(Caption-style text data)
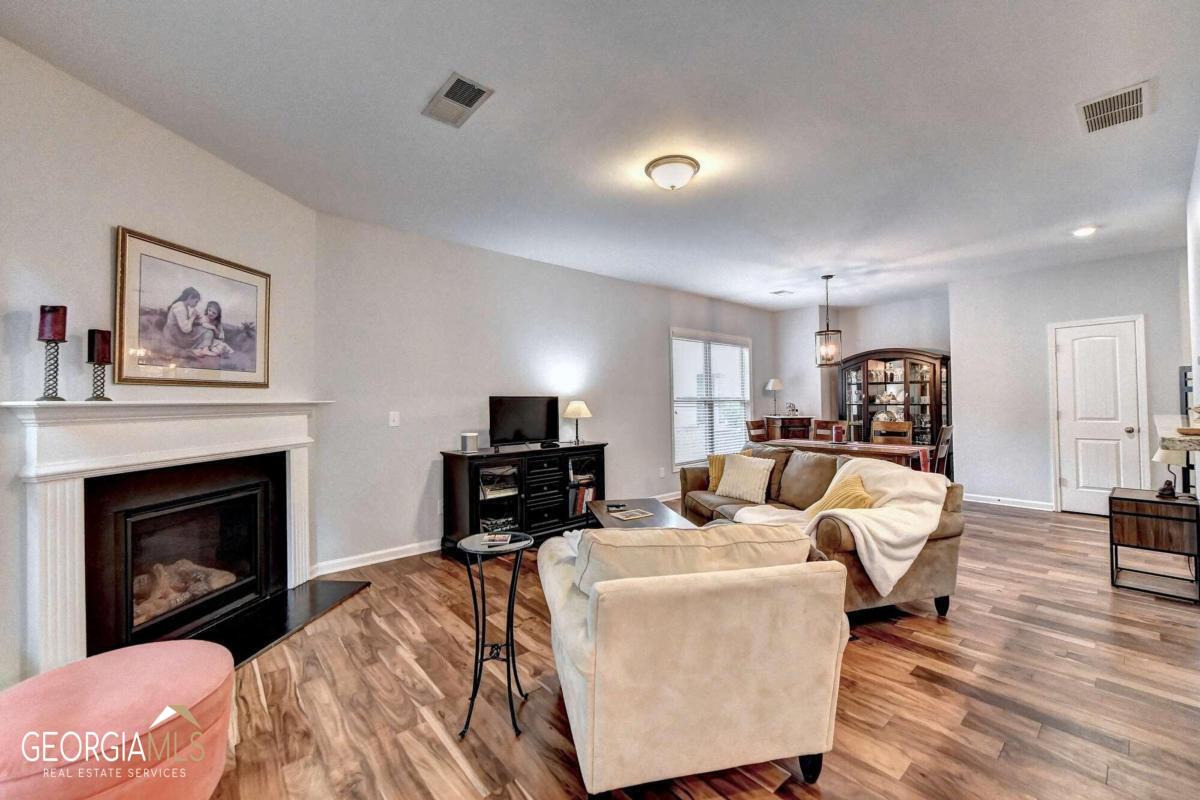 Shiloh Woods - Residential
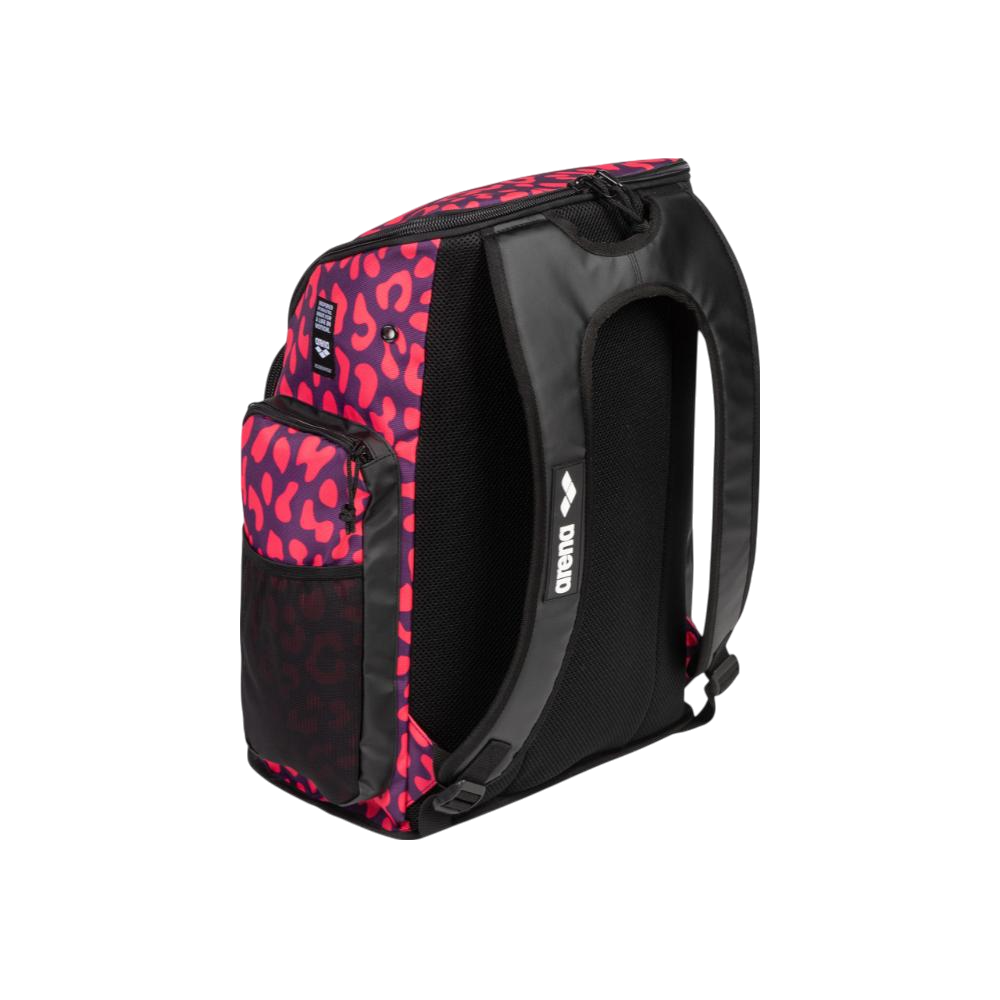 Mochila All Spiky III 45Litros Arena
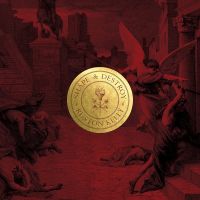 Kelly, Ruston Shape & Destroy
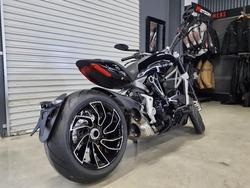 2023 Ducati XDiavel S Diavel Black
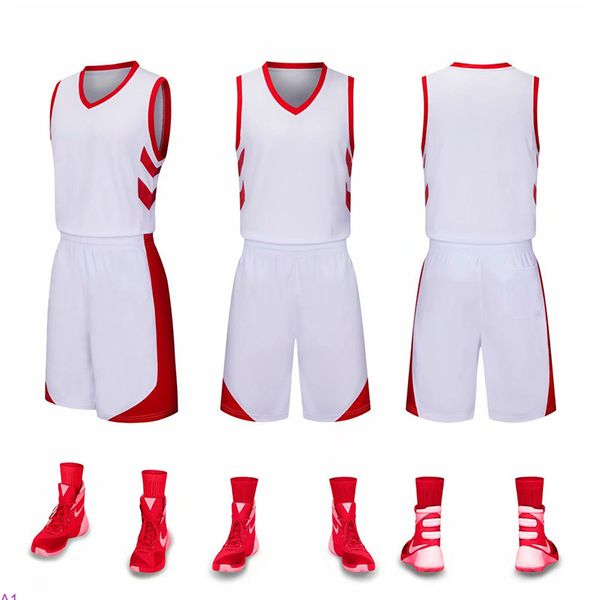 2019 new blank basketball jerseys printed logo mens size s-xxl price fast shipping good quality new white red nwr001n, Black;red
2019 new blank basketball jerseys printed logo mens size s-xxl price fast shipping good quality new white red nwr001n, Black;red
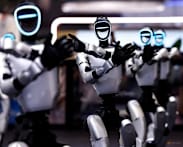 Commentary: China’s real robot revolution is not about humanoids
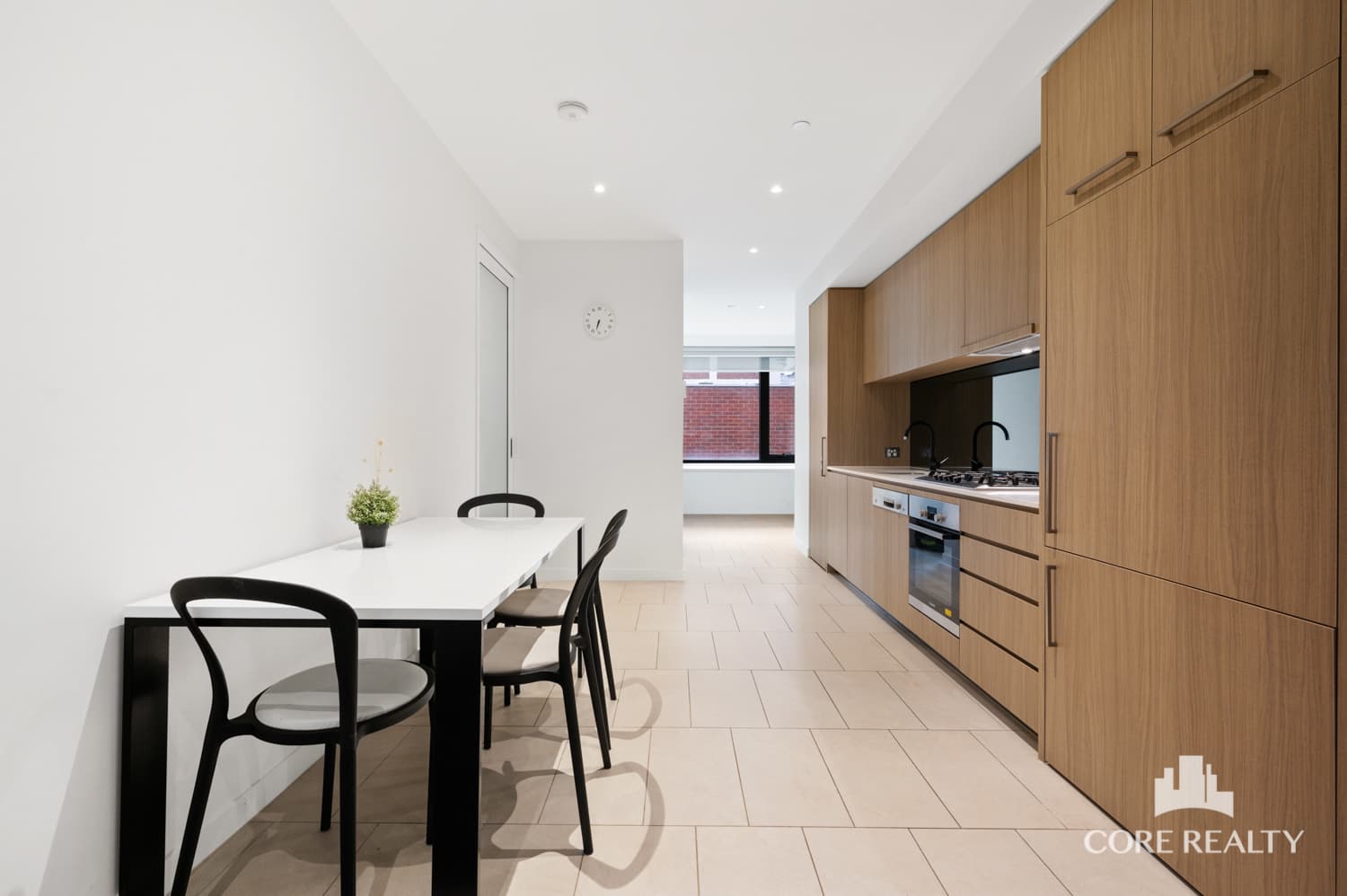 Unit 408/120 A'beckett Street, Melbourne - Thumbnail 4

:: WHAT THIS TASK INVOLVES ::
Please return exactly, and only, the lines from the one containing "Commentary: China’s real" through the end of the records, with both end lines kept and every picture dropped.

:: ANSWER BOX ::
 Commentary: China’s real robot revolution is not about humanoids
 Unit 408/120 A'beckett Street, Melbourne - Thumbnail 4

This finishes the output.